Is there a link between sex trafficking and the Super Bowl?

If you spent much time on the internet last week, you probably saw a lot of articles about an increase of sex trafficking around the Super Bowl. It’s something I’ve talked about here in past years. But this year, there’s been some pushback. People are questioning whether or not there really is an increase in trafficking surrounding the Super Bowl. Both of these perspectives have shown up in my various internet spheres, and truth be told, I don’t know which is correct. I can’t tell you which side we have more evidence for or what the statistics really show. And with an issue like this one, good statistics are incredibly hard to come by anyway. But I do know that there is a link between the two—it just may not be the obvious one.

You should know that I didn’t watch the Super Bowl last night. In the past, though, the only real reason I’ve watched is for the commercials. And I’m not the only one. Even the people who watch it for the football usually wind up watching the ads.

I’d wager a guess that most of us enjoy them, too. Or at least, we used to.

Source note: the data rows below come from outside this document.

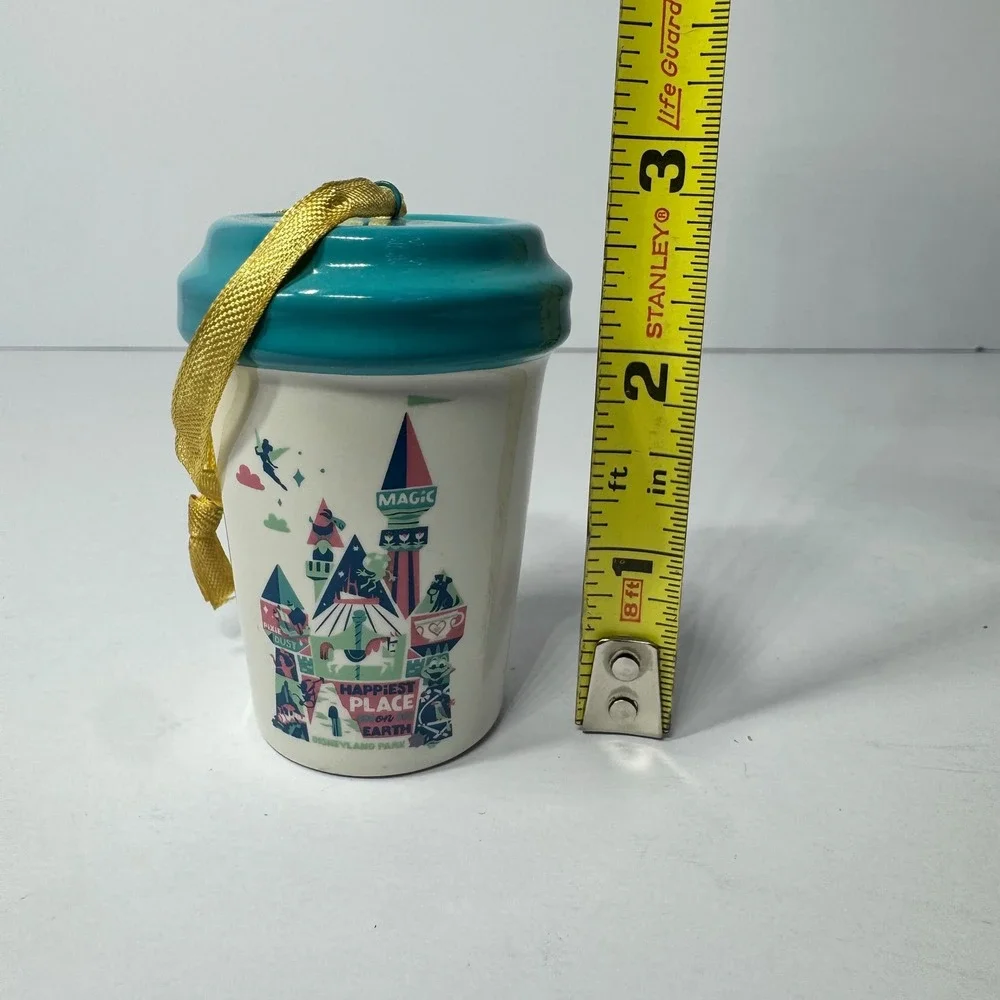 Starbucks Disneyland Park Happiest Place on Earth Ceramic Cup Ornament 2019 EUC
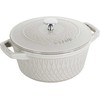 STAUB SPECIAL COCOTTE apvalus ketaus puodas 2,3 l, triufelių formos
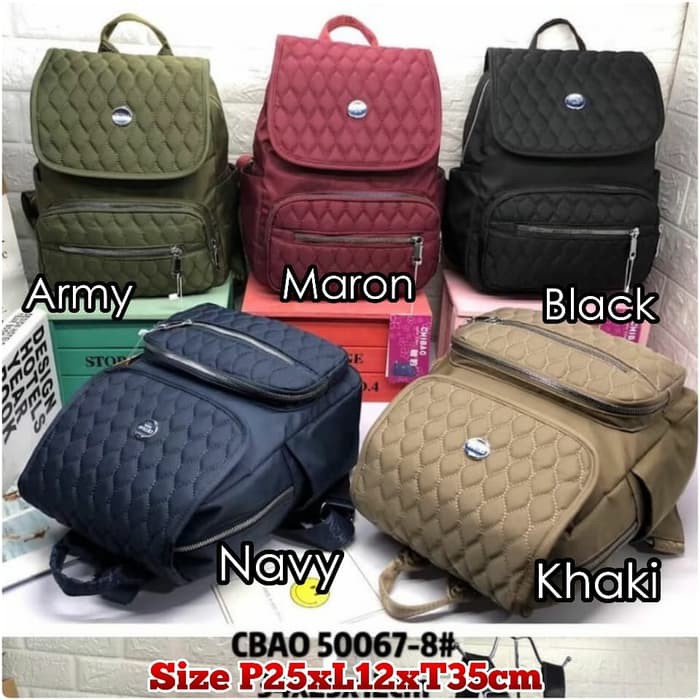 CB50067 Tas Ransel Chibao Bordir Backpack Chibao Bordir Tutup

While I wasn’t watching last night, I was on Twitter. Between the many people I follow who were live-tweeting the game and the #NotBuyingIt hashtag, I got a pretty good feel for what was happening. The Seahawks were destroying the Broncos, the halftime show got the mixed reviews it always does, and the commercials, well...

They were as bad as they ever have been.

Sure, there were a few good ones. But for the most part, the commercials once again discriminated against, excluded, or objectified women.

I spent some time tracking #NotBuyingIt last night. The goal was to call companies out on ads that were sexist or sexually objectified women. This was how they were doing it:

[Video: #NotBuyingIt: Sexism in Super Bowl Commercials]

We live in a world where we’ve trained ourselves to see people as things. "Sex sells," we say, and turn a blind eye to it. Is it any wonder that sex trafficking is so prevalent? When we believe that people are nothing more than commodities, it’s easy to believe that we can do whatever we want to them.

Until we change the way that we objectify, sell, and consume human beings, we won’t be able to face problems like sex trafficking and rape culture.

The Super Bowl is more than just a football game. It's one of the largest advertising events of the year. We need to be thinking about what those advertisements are telling us. There is a link between the Super Bowl, or at least the advertisements at the Super Bowl, and sex trafficking: sexual objectification.

The media is failing us when it comes to this. It’s time that we speak up and start telling a better story.

(A word of caution: this video contains some pretty disturbing material)

[youtube] [Video: How the Media Failed Women in 2013]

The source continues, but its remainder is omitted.